Mr Macpherson acknowledges that he owes money to Mr Dennis Wise, a friend and the godfather of one of his children. He admits indebtedness of at least £268,500. There are three sources for that indebtedness.
First, there is a loan agreement entered into on 30 November 2008 relating to an advance by Mr Wise to Mr Macpherson of £200,000. Under the terms of that written loan agreement, Mr Macpherson undertook to repay the loan on 30 November 2009 (or on his death if that should occur first). If the money was not so repaid, then what is described as a “penalty” of 30 per cent of the principal sum would be charged.
Secondly, there is an informal oral loan which was made on 19 August 2009. Mr Wise said that this was in the sum of £50,000. This Mr Macpherson originally disputed; but he now accepts that his dispute was based on a misreading of his bank statements and that £50,000 is due. Although a hearing such as this appeal (and such as the application before the District Judge) is not concerned with a detailed assessment of issues of credibility, Mr Macpherson’s misrecollection of the amount of the loan does not assist his cause. This loan was repayable in 14 days, therefore being repayable at the beginning of September 2009.
The third loan liability arises out of the proceeds of sale of Mr Wise’s Range Rover. Although this had been placed with Mr Macpherson for sale for some while, it appears that the sale was only eventually concluded on 10 January 2010. Mr Macpherson says that Mr Wise agreed that he would not ask for the sale proceeds immediately and that that also would constitute a loan.

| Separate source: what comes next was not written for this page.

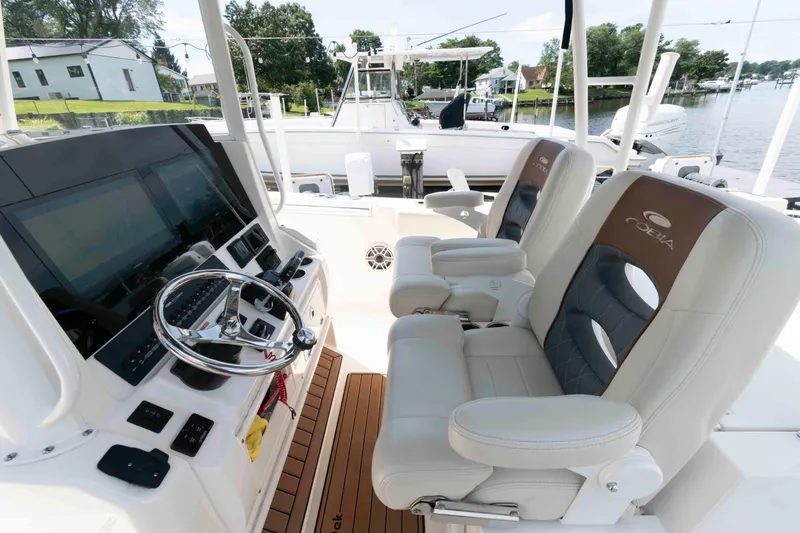 Slide: The Image of 2020 Cobia 320 Center Console boat with seating and twin outboard motors on a calm lake. - 12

Mr Macpherson’s attitude to this borrowing is that none of it is due for payment. He says that as two friends, he and Mr Wise entered into a legally binding agreement under which Mr Wise agreed that he would not call upon Mr Macpherson for payment until a particular event happened. Mr Macpherson’s evidence asserts that in January 2010, he had a conversation with Mr Wise in relation to repayment. He says:
“We discussed a number of issues but ultimately it was agreed that all of the monies due to Mr Wise would be repaid from the proceeds of sale of [one of HLL’s properties, Wells House].”

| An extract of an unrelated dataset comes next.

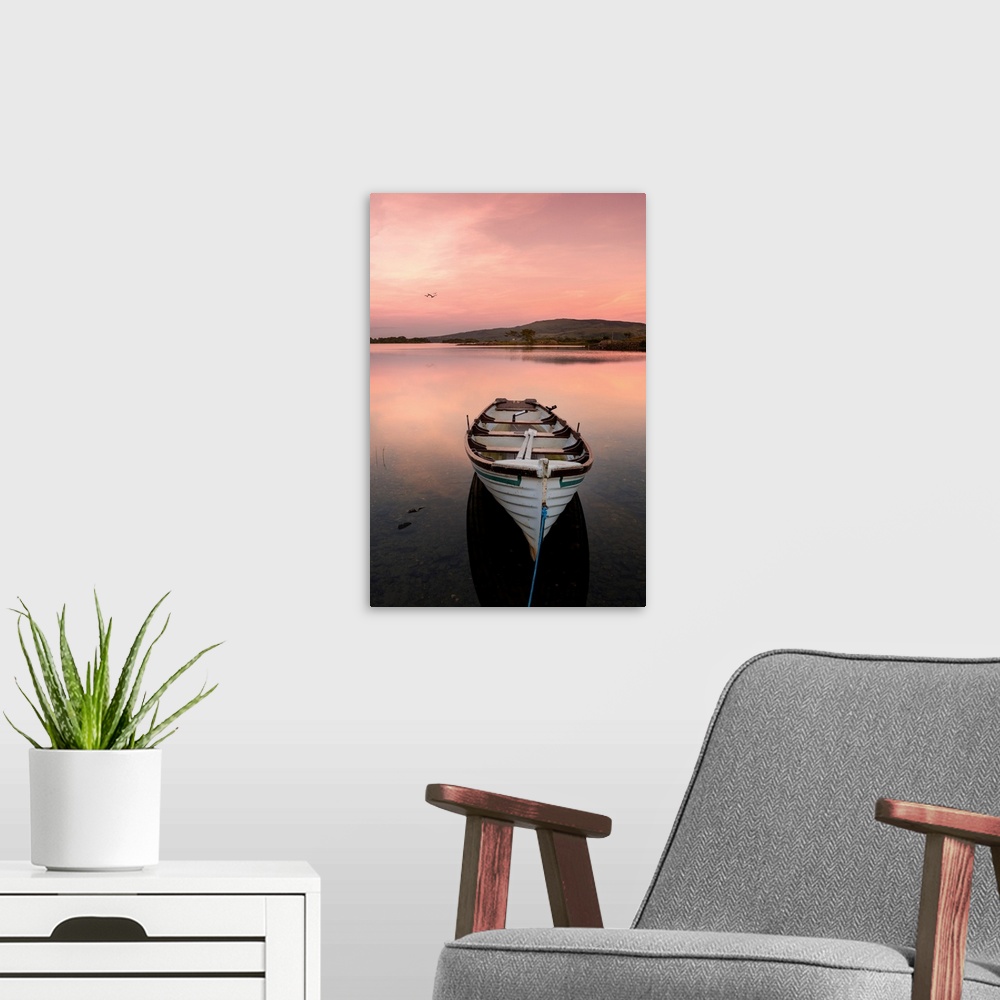 A modern room featuring A fishing boat on a lake in Ireland at sunset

It should be made clear (and was made clear by Ms Williamson on Mr Macpherson’s behalf) that Mr Macpherson does not assert that there was a novation of the debt to HLL. He accepts that he remains personally liable for the debt. The thrust of his evidence is that the source of funds that would be available to him to repay the debt was identified.
Wells House is a substantial property belonging to HLL. Mr Macpherson’s witness statement in April 2010 said that the property was “currently” being marketed at £3.2 million. Ms Williamson invited me to read that evidence as meaning that it was being currently marketed in January 2010 when the agreement to which Mr Macpherson speaks is said to have been made. Borrowing by HLL from the National Westminster Bank is charged on the property. I am told that the amount of that indebtedness remains at about £1.8 million, though there may be subsequent charges. Under the terms of the NatWest “all monies” charge, their consent is required to the creation of any further security on the property.
Mr Macpherson’s evidence goes on to say that, for the avoidance of doubt, the agreement to pay Mr Wise from the proceeds of sale of Wells House was not conditional on Mr Wise having a second charge on the property or some other form of security. The agreement to wait until the sale of Wells House stood alone. According to Mr Macpherson’s witness statement, Mr Wise was nervous about something happening to Mr Macpherson and that he may have problems recovering the money from his estate. ( It will be remembered that the formal loan agreement for £200,000 rendered the debt payable on the death of the borrower, so this was plainly a concern of Mr Wise’s) . Mr Macpherson says that to that end Mr Wise was keen to have a form of security if it was possible, that at some point there was discussion about the possibility of taking shares in HLL or a second charge over Wells House, and that Mr Wise preferred the latter.
Mr Macpherson then says that he and Mr Wise had a further meeting on or about 1 February 2010 at a hotel in Gerrards Cross. At that meeting, they again discussed the possibility of Mr Wise having a second charge over Wells House and that Mr Macpherson agreed to chase this up. He then says that following that meeting he discussed the matter with NatWest.
It appears however that the question of a second charge was not again addressed until about 3 March 2010. On that day, Mr Macpherson sent an email to his solicitor and to Mr Wise in these terms:
“Andrew [that is the solicitor] please can Dennis’ lawyer call you to go through giving him a second charge over Wells House. I am expecting to be able to repay by the end of March 2010. The amount is £338,500. Please can you make this happen as soon as possible.”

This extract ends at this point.